The hosts head into the tournament as one of the favourites and hunting what would be a first piece of major silverware in their history.

An image of Ellen White, the Lionesses' 50-goal record scorer, projected onto the White Cliffs of Dover. Credit: PA

England have twice been Euros runners-up, in 1984 and 2009, while their best World Cup finish was third in Canada in 2015.

That was the first in a sequence of successive runs to semi-finals at their last three major tournaments – at both Euro 2017 and the 2019 World Cup in France they lost in the last four to the teams that went on to lift the trophy, the Netherlands and the United States respectively.

England’s captain in each of those three campaigns, Manchester City’s Steph Houghton, has missed out on selection this time after Achilles surgery; Arsenal’s Leah Williamson was confirmed as skipper for this tournament in April.

Who are the other contenders?

Among the sides joining England as being tipped as potential winners this summer are 1984 champions and world number two-ranked Sweden, who beat the Lionesses to come third at the 2019 World Cup and were subsequently runners-up at last summer’s Tokyo Olympics.

Spain's Alexia Putellas will likely be one of the tournament's star performers.

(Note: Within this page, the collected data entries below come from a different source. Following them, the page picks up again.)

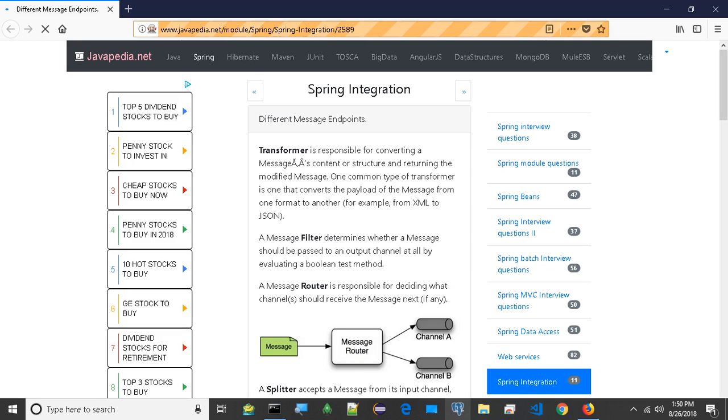Service activator is a generic endpoint for connecting a service instance to the messaging system. The input message channel must be configured, and if the service method to be invoked is capable of returning a value, an output message channel may also be provided optionally.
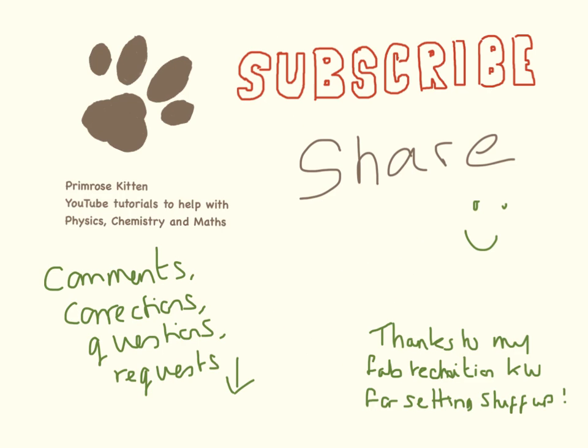Thanks for watching. I really hope this is helpful. Subscribe so you don't miss any of my new videos. Share to help your friends get better grades. Any comments, corrections, questions, or requests, down below please.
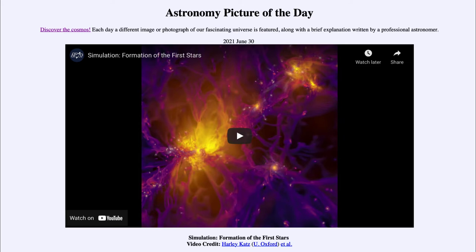So what do we see here? This is a simulation that will show the very earliest times of our universe when stars were just beginning to form. We know about the Big Bang about 13 and a half billion years ago. After that, things kind of quieted down — the universe went through a dark ages in many ways, in which there was not a whole lot going on, and that means there were no stars that had formed yet.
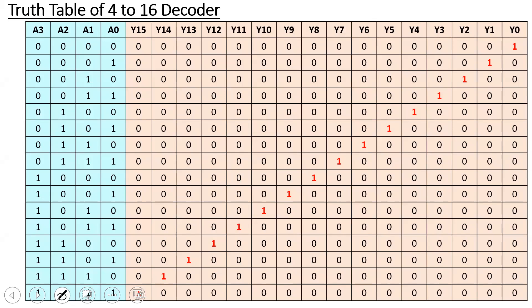We split the 16 outputs into two halves: first 8 and next 8. The first 8 outputs are handled when a3 is 0, and the next 8 when a3 is 1. The remaining inputs a2, a1, a0 vary from 0,0,0 to 1,1,1 for each half.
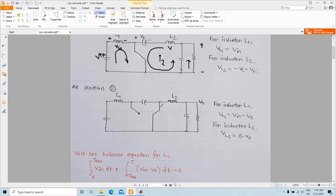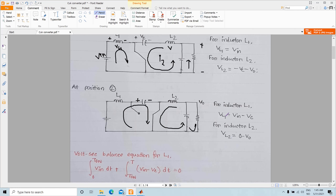When the switch is connected to position two, you are basically charging the capacitor. On the left-hand side, the inductor L1 charges the capacitor, and on the right-hand side the inductor L2 continues its current flow. In this case, the voltage drop across L1 is Vin minus Vc, obtained by applying KVL. For inductor L2, VL2 is basically the output voltage V0, obtained from the KVL of the output loop.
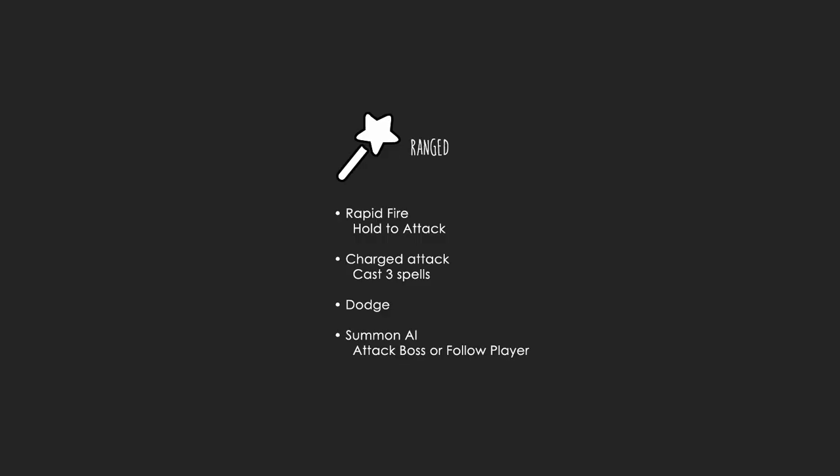For the range class, the mage, you'll have rapid fire abilities. You'll have charge attacks, so you can charge for three different times. And when you release the mouse button, based on your charge, you perform a different spell.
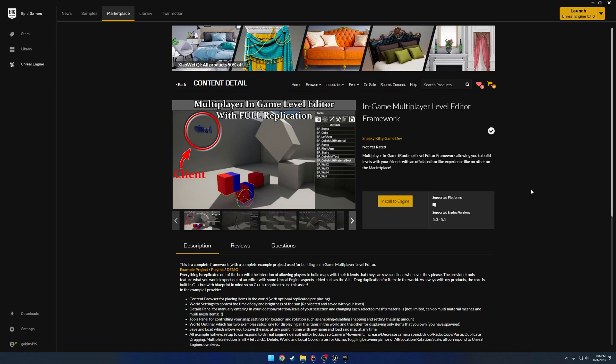Hey y'all, this is just a quick announcement letting you know that the in-game multiplayer level editor framework is now up and available on the marketplace.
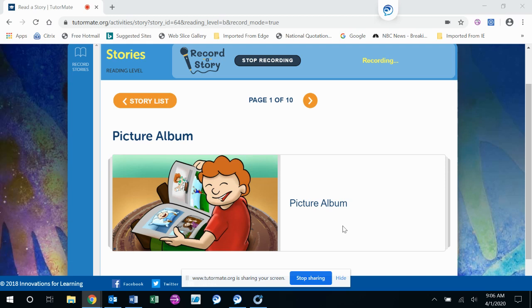Try and follow along with the pictures and see if you can read the words as I read them. Again, this story is called Picture Album. Do you have any albums of pictures at home?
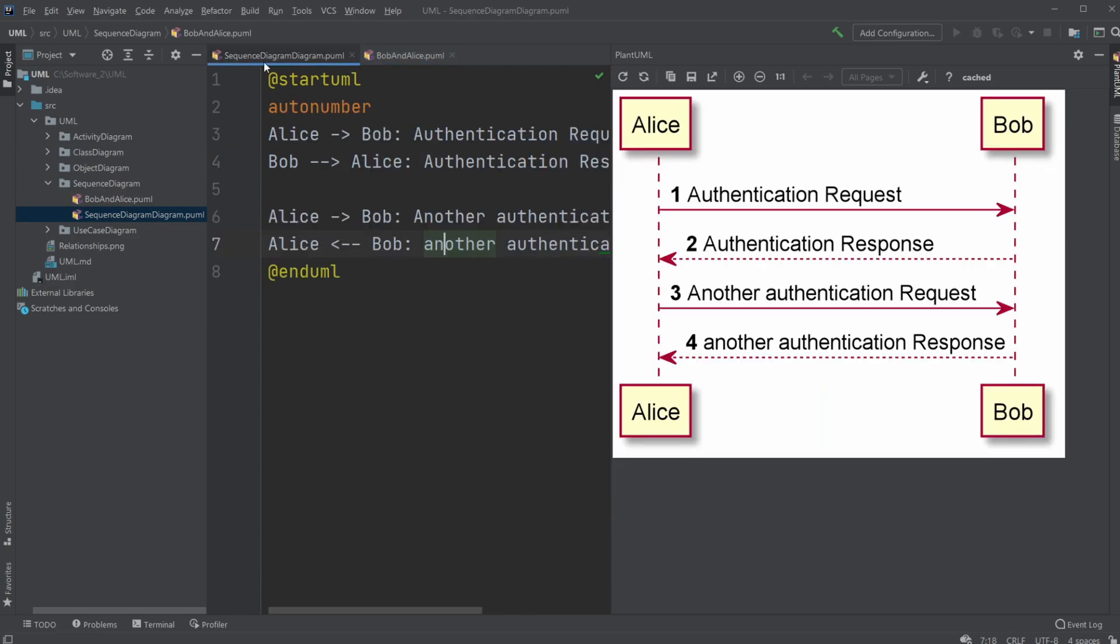So when we go to a bit more complex example, we have multiple interactions. First, some kind of request, and then a response, another request, and then a response. Again, you can see these are interactions going between the lifelines of Alice and Bob, in this case the other way around.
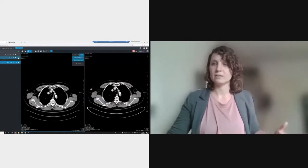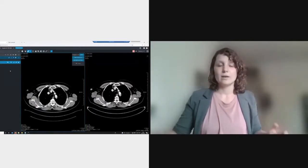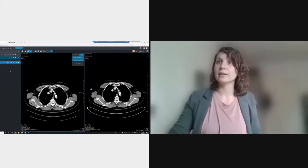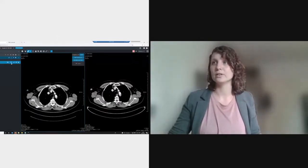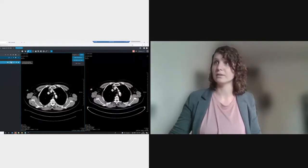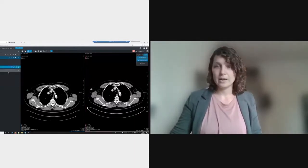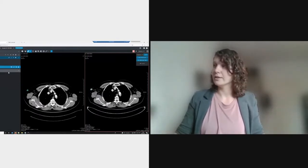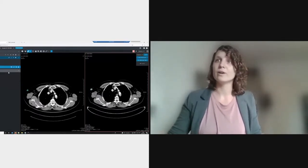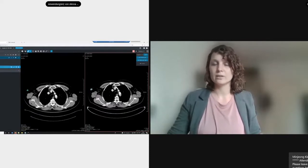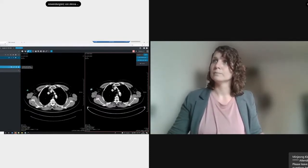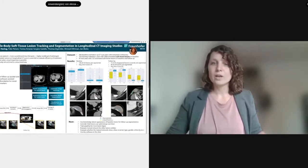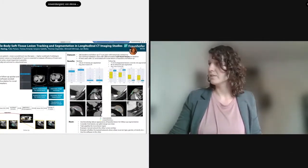When we get the follow-up scan, we can propagate the segmentation to it. To demonstrate, I use this propagate button. Again, the lesion is segmented and measured automatically, and we're done. We now have our structures and can create every data point from them. This works in most cases quite well as you've seen.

Credit: PA

Germany are eight-time Euros champions, and Spain, with current Ballon d’Or holder Alexia Putellas in their ranks, are highly regarded.

It will be interesting to see how Norway fare with the fit-again Ada Hegerberg, who won the Ballon d’Or in 2018 and helped Lyon beat Putellas’ Barcelona in the Champions League final in May, back in the fold five years after stepping away from the national team.

Are any of the other home nations playing?

As well as Austria and Norway, England’s group features a Northern Ireland outfit breaking new ground, with the team making its major tournament debut.

Kenny Shiels’ side secured their place with a play-off victory over Ukraine last year and, at 47th, are the lowest-ranked nation at the finals.

They open their historic campaign by facing Norway at St Mary’s on Thursday.